_Exercise goal:_ With pictures excluded, repeat exactly the lines from the one containing "Infection Through Birth" through the last line of the material below.

┏━━

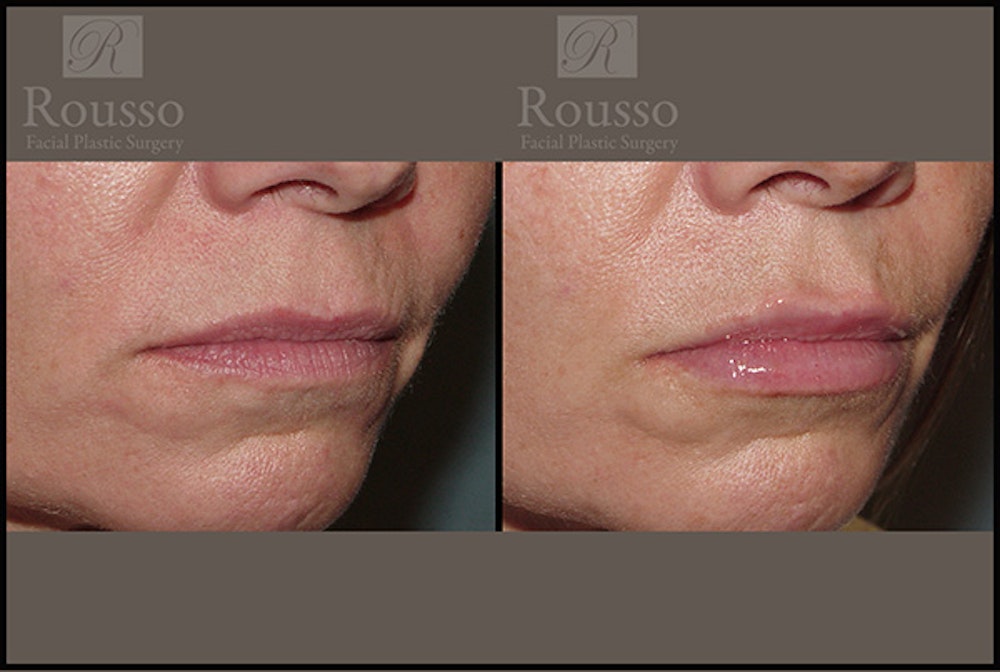 Fillers Before & After Gallery - Patient 5923191 - Image 3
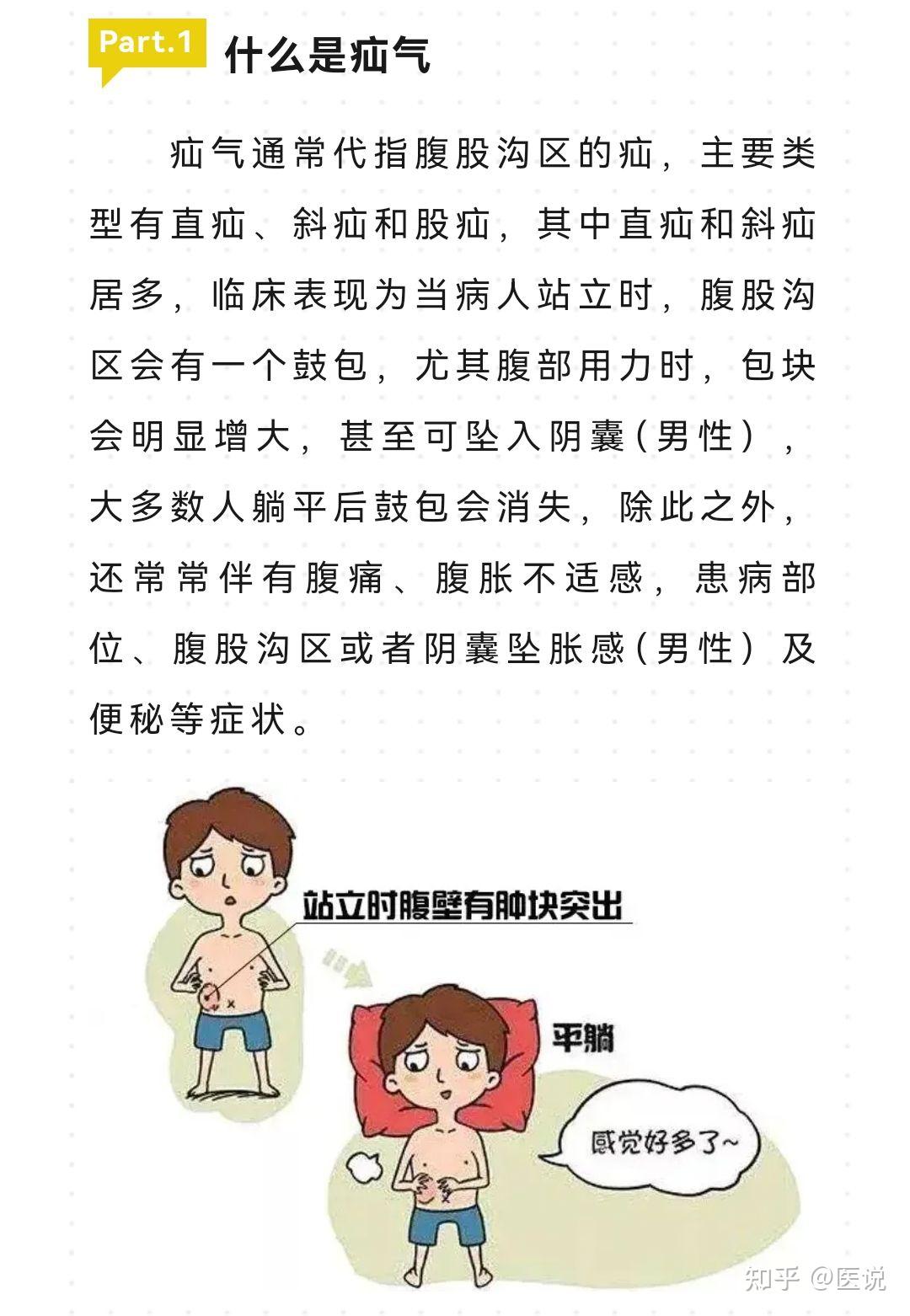 疝气有哪些常见的类型?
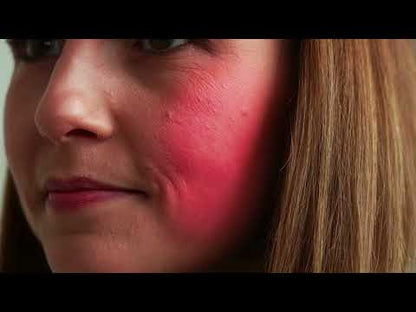 Panthenol serum voor een gevoelige huid en roodheid - Serum met provitamine B5 & niacinamide verzacht roodheid & rosacea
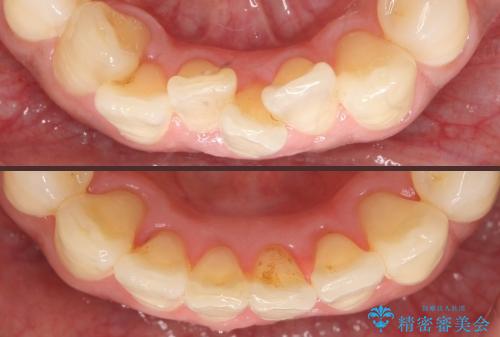 [マウスピース矯正]インビザラインによる前歯のガタつき改善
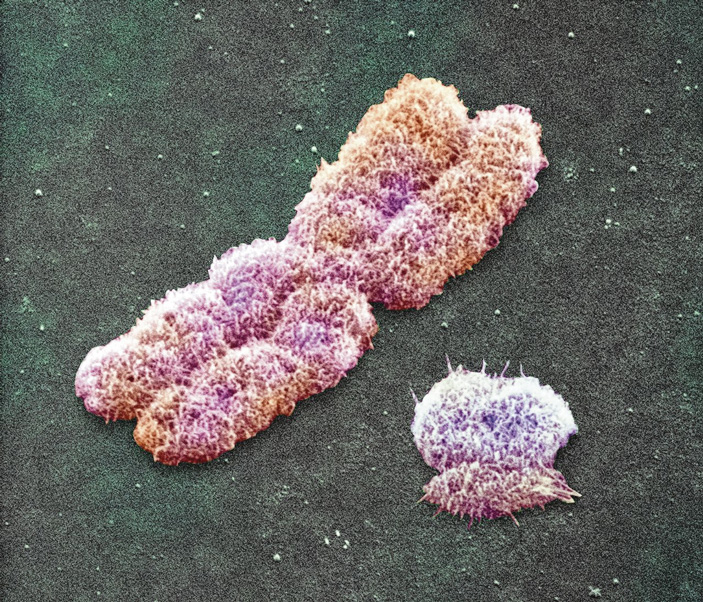 Микрофотография половых хромосом человека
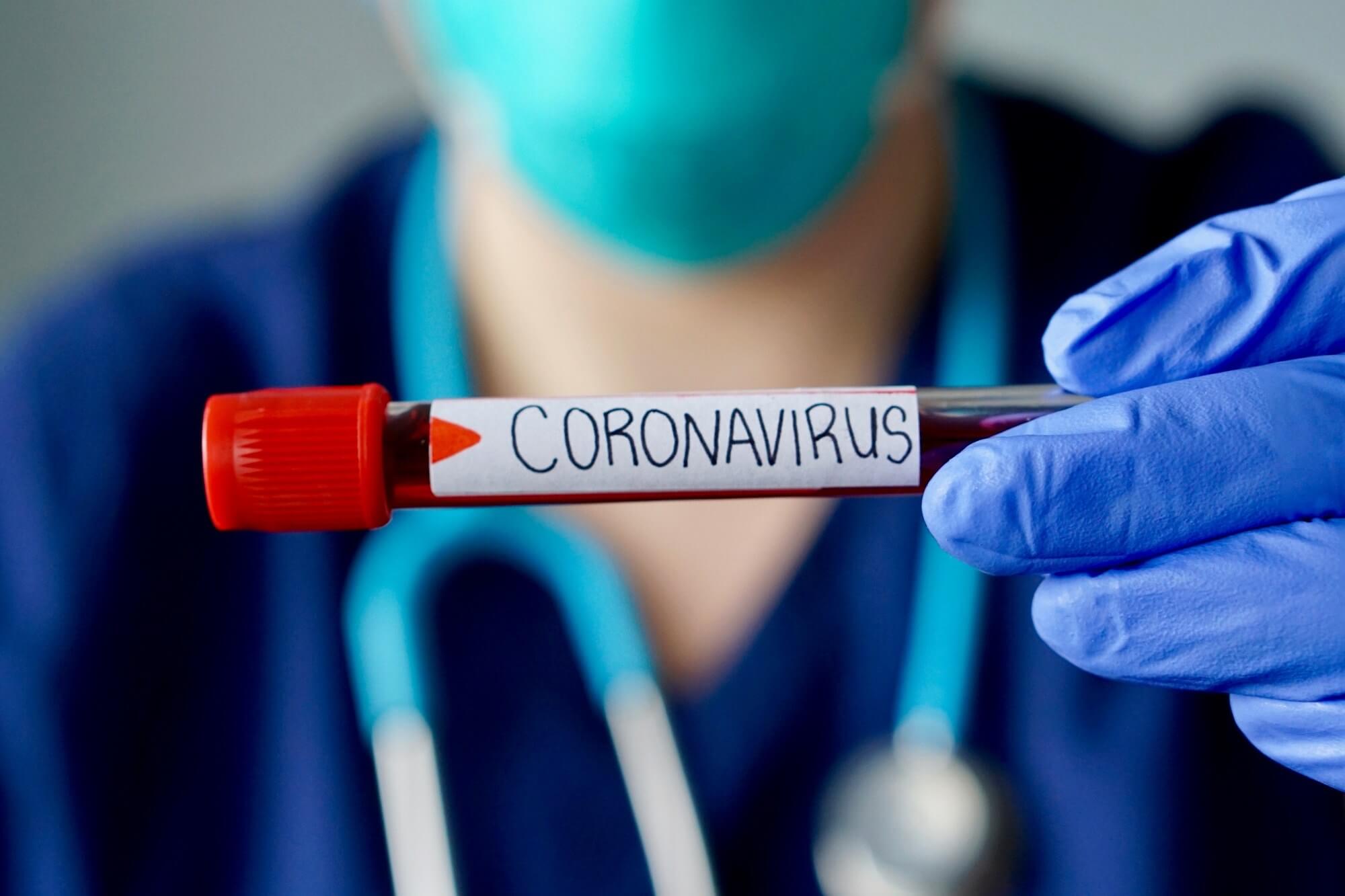Grupo de hackers quebra promessa de não atingir organizações médicas durante surto de coronavírus
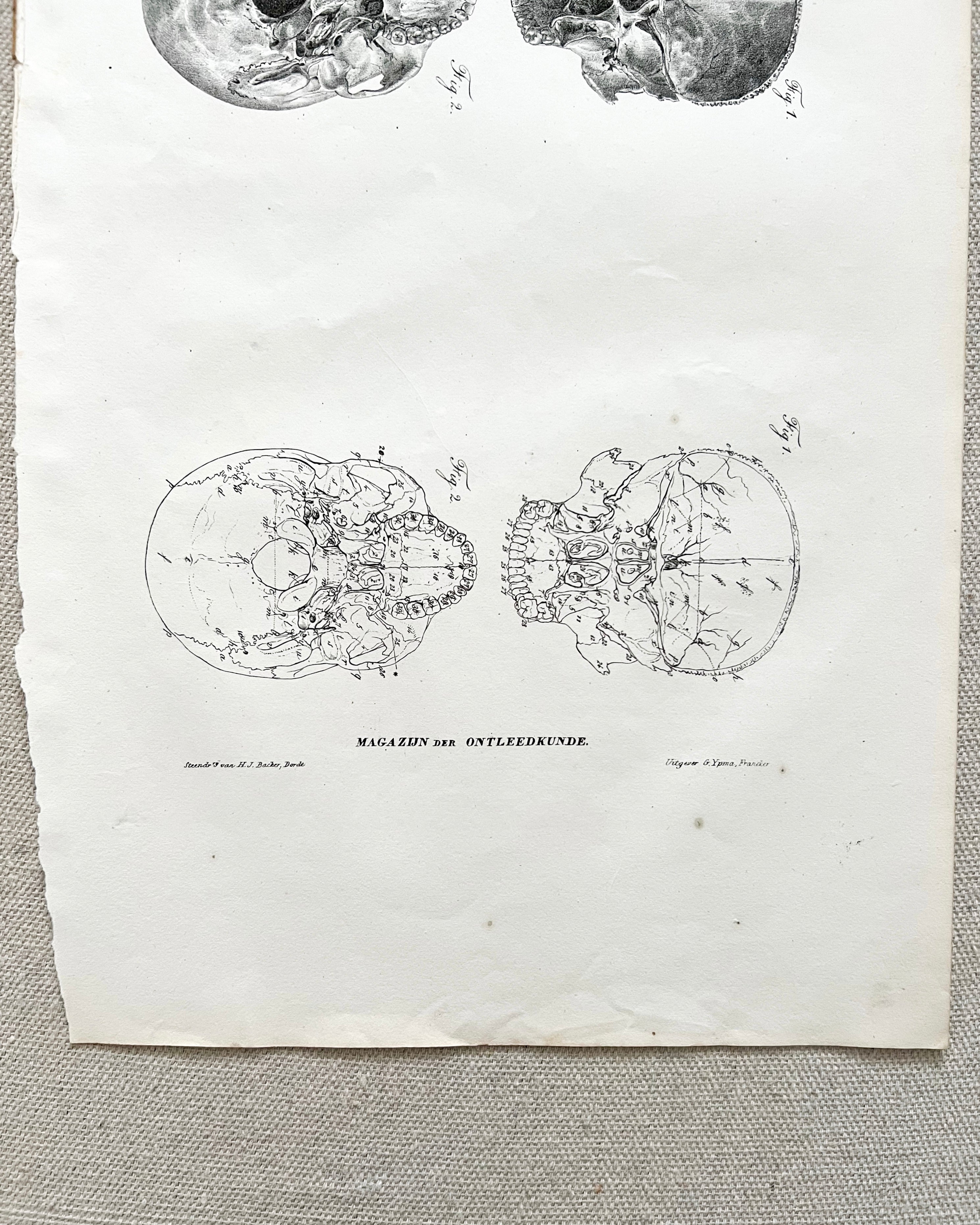 Antique Anatomic Skull Diagram Print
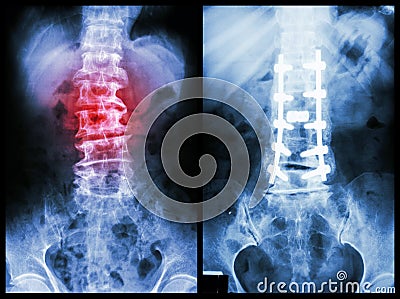 Spondylosis Stock Photo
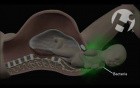 Infection Through Birth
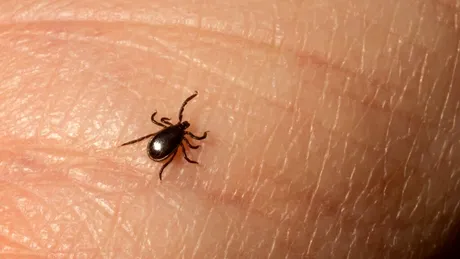 Inteligență Artificială detectează boala Lyme cu o precizie de 90%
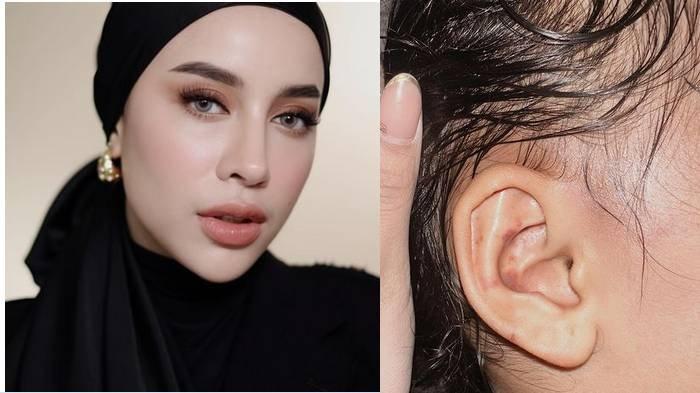 Beredar foto diduga anak dari Aghnia dianiaya oleh suster atau pengasuhnya.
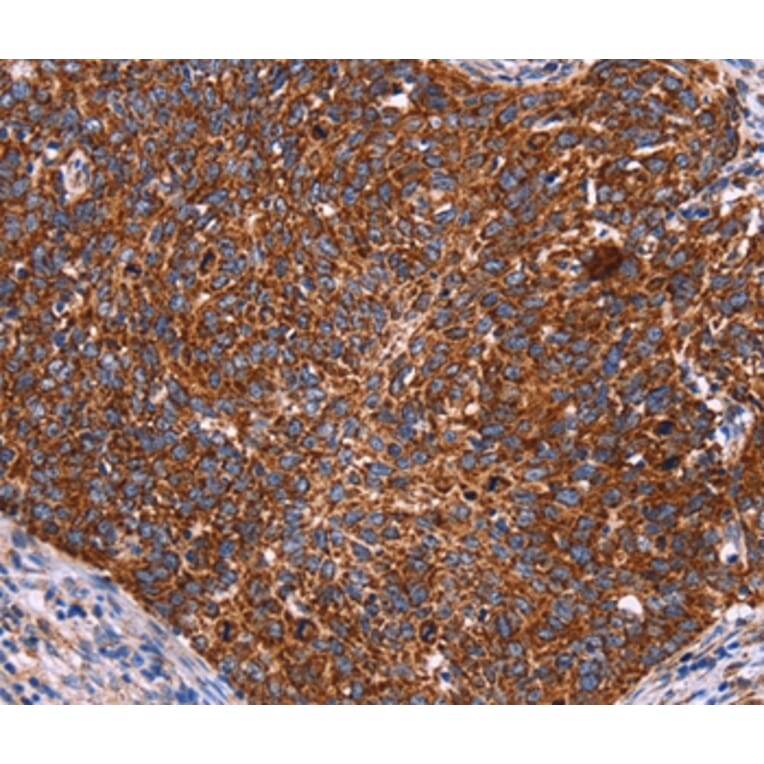 Immunohistochemistry - CROT Antibody from Signalway Antibody (36373) - Antibodies.com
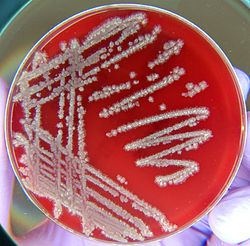 Bacillus licheniformis httpsuploadwikimediaorgwikipediacommonsthu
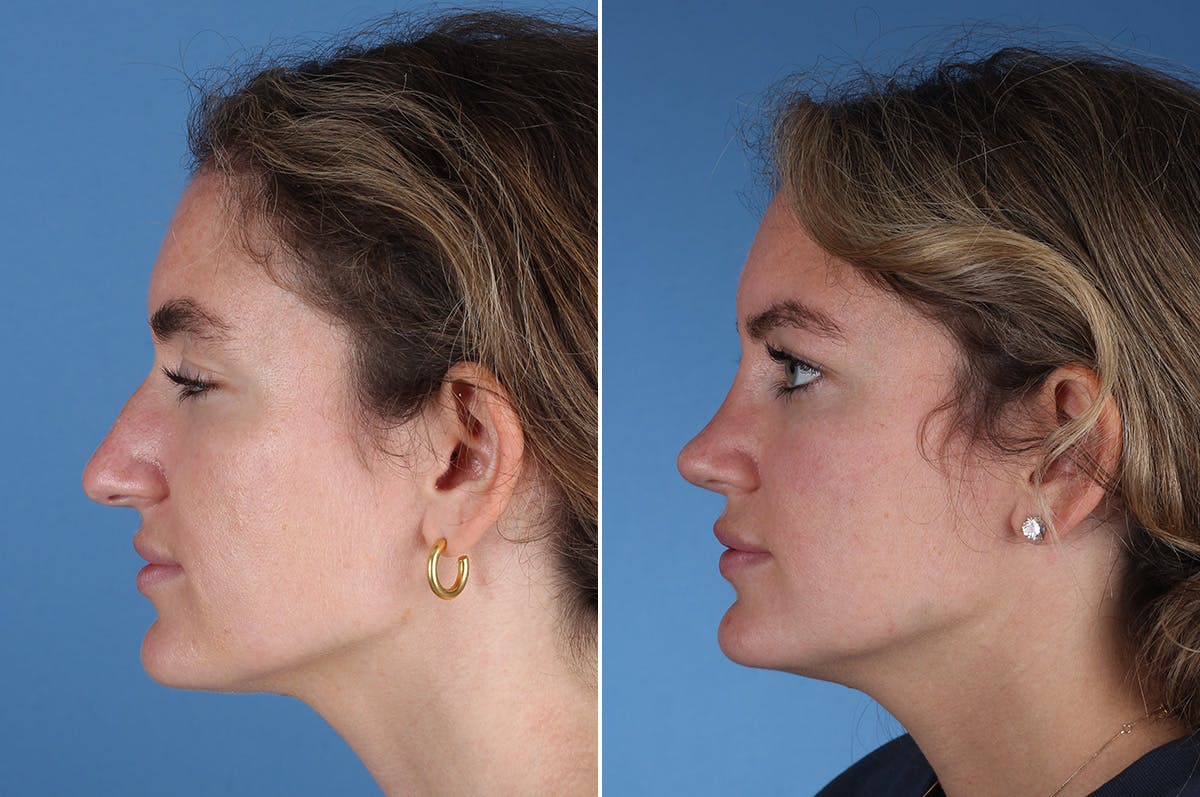 Rhinoplasty Before & After Gallery - Patient 336752 - Image 7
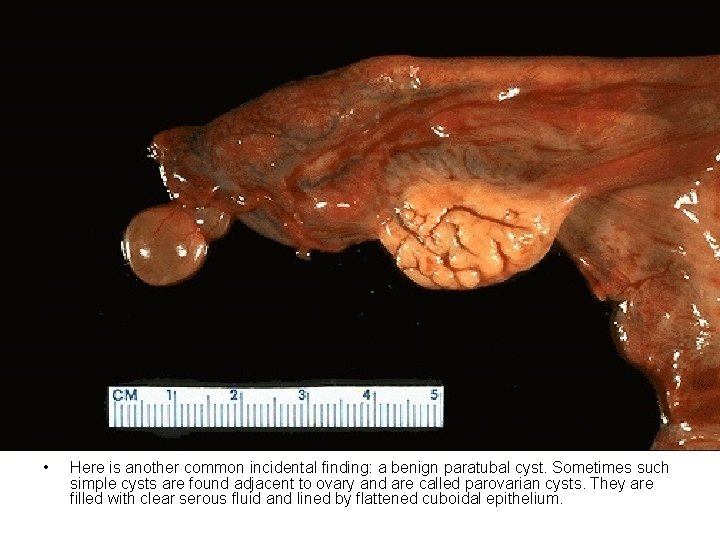  • Here is another common incidental finding: a benign paratubal cyst. Sometimes such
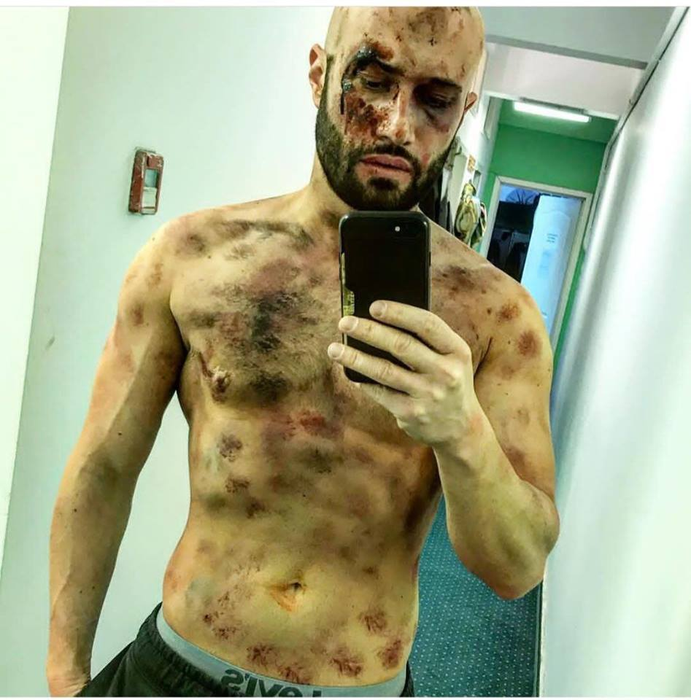 Bendeac a recunoscut că depresia l-a adus în pragul sinuciderii de trei ori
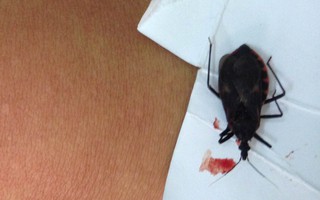 Hà Nội: Một bệnh nhân nhập viện do bọ xít hút máu cắn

┗━━

_Response to this exercise:_
 Infection Through Birth
 Inteligență Artificială detectează boala Lyme cu o precizie de 90%
 Beredar foto diduga anak dari Aghnia dianiaya oleh suster atau pengasuhnya.
 Immunohistochemistry - CROT Antibody from Signalway Antibody (36373) - Antibodies.com
 Bacillus licheniformis httpsuploadwikimediaorgwikipediacommonsthu
 Rhinoplasty Before & After Gallery - Patient 336752 - Image 7
  • Here is another common incidental finding: a benign paratubal cyst. Sometimes such
 Bendeac a recunoscut că depresia l-a adus în pragul sinuciderii de trei ori
 Hà Nội: Một bệnh nhân nhập viện do bọ xít hút máu cắn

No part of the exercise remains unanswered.